A BIOGRAPHY on England’s ‘White Queen’ written by a leading historian best known for his pivotal role in uncovering the burial place of King Richard III has been published.

Dr John Ashdown-Hill’s arduous research was vital in confirming the identity of bones found under a council car park to be those of the much-maligned king in 2012.

For John’s part in the landmark discovery, the academic was recognised in the Queen’s birthday honours and made an MBE.

But the medieval historian sadly died last May at the age of 69 following a battle with Motor Neurone Disease.

Before his death, John wrote a biography on Elizabeth Widville - known as the ‘White Queen’ - which has now been published.

A Pen and Sword Books spokesman said the book is about the enigmatic queen, who was related to Richard III.

He said: “Much of her life is shrouded in speculation and myth – even her name, commonly spelled as ‘Woodville’, is a hotly contested issue.

“Born in the turbulent fifteenth century, she was famed for her beauty and controversial second marriage to Edward IV, who she married just three years after he had displaced the Lancastrian Henry VI and claimed the English throne.

“As Queen Consort, Elizabeth’s rise from commoner to royalty continues to capture modern imagination.

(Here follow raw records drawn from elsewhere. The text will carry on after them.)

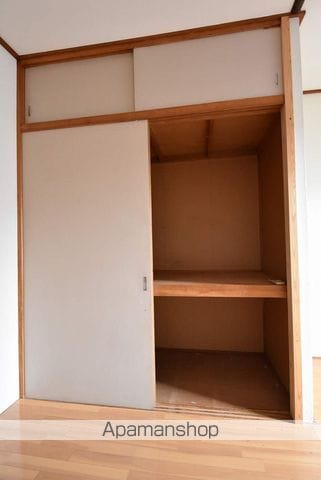 佐藤ハイツの内装写真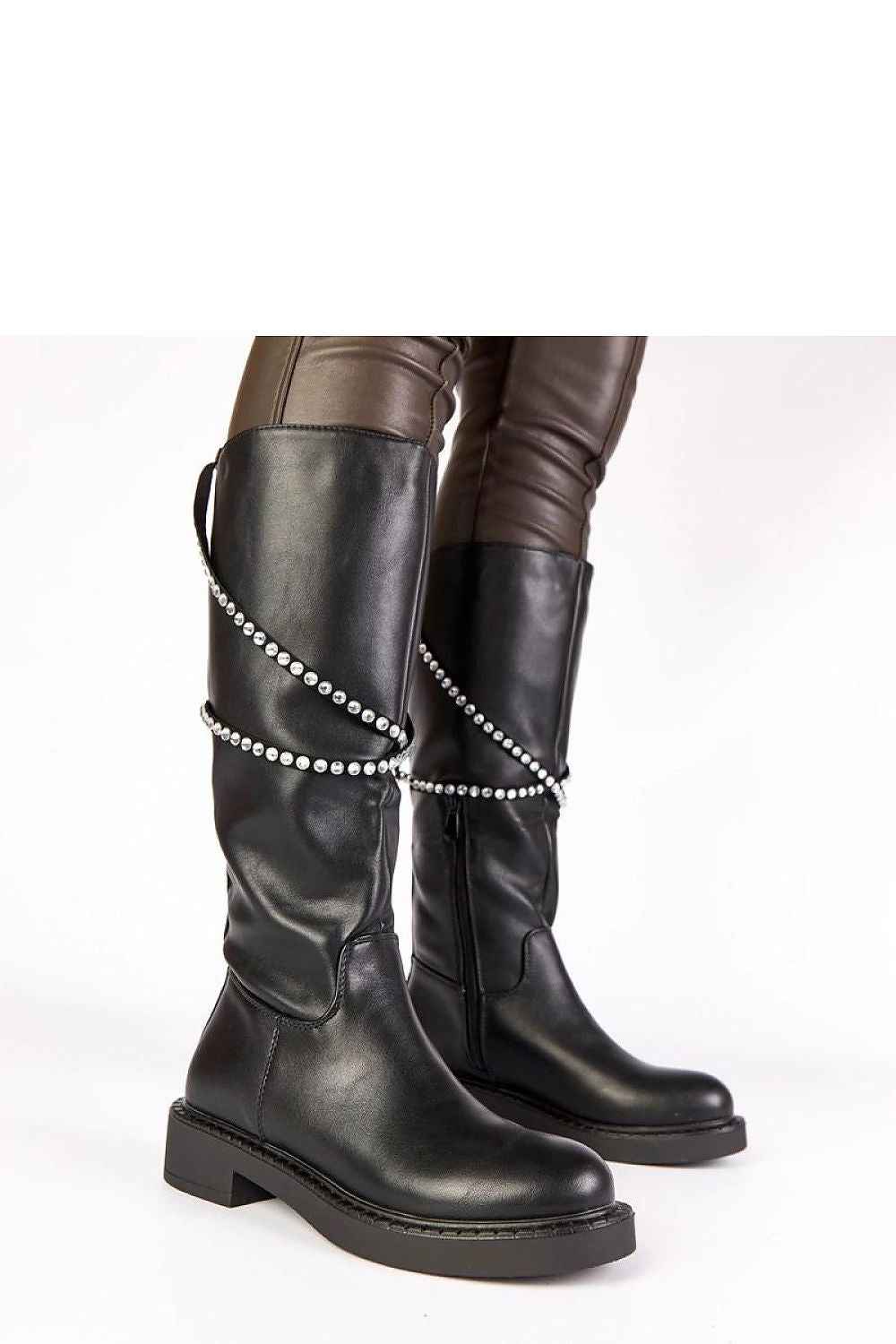 Thigh-Hight Boots model 221364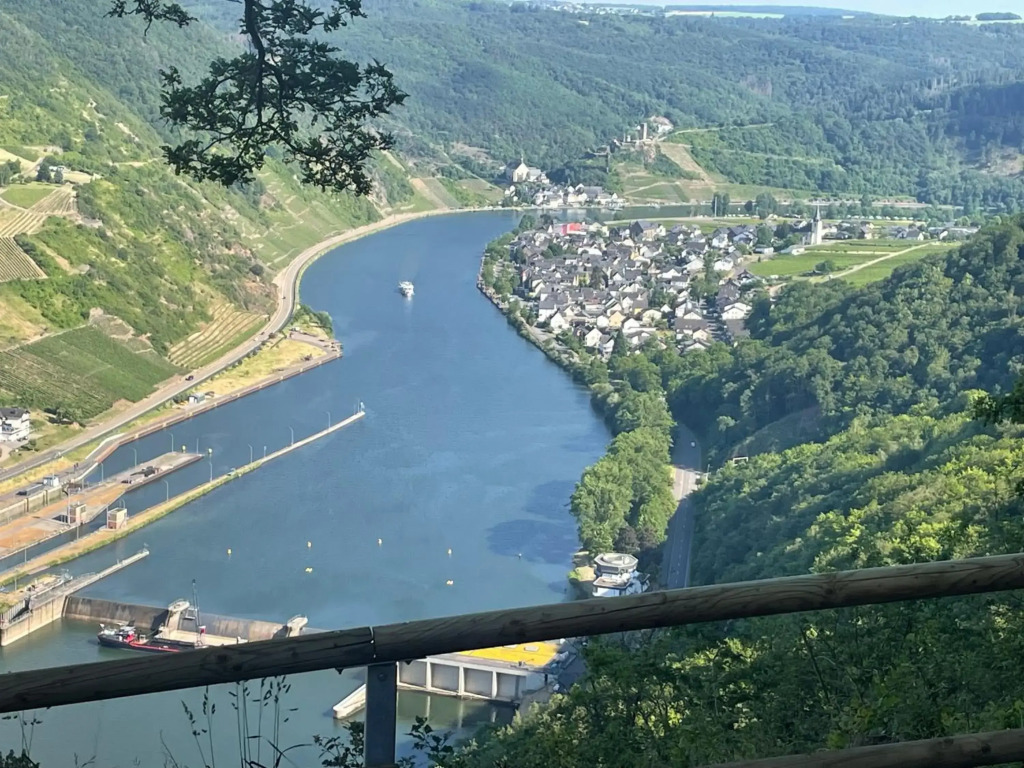 Tarrazza Ferienwohnungen Erpeldinger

“Undoubtedly, it enriched the position of her family.

“Her elevated position and influence invoked hostility from Richard Neville, the ‘Kingmaker’, which later led to open discord and rebellion.”

Throughout her life and even after the death of her husband, Elizabeth remained politically influential.

She proclaimed her son King Edward V of England before he was deposed and probably murdered by her brother-in-law Richard III.

He added: “Elizabeth Widville was an endlessly enigmatic historical figure, who has been obscured by dramatisations and misconceptions.

“In this fascinating and insightful biography, Dr John Ashdown-Hill shines a light on the truth of her life.”

John published extensively on many topics, focussing mainly on the Yorkist era.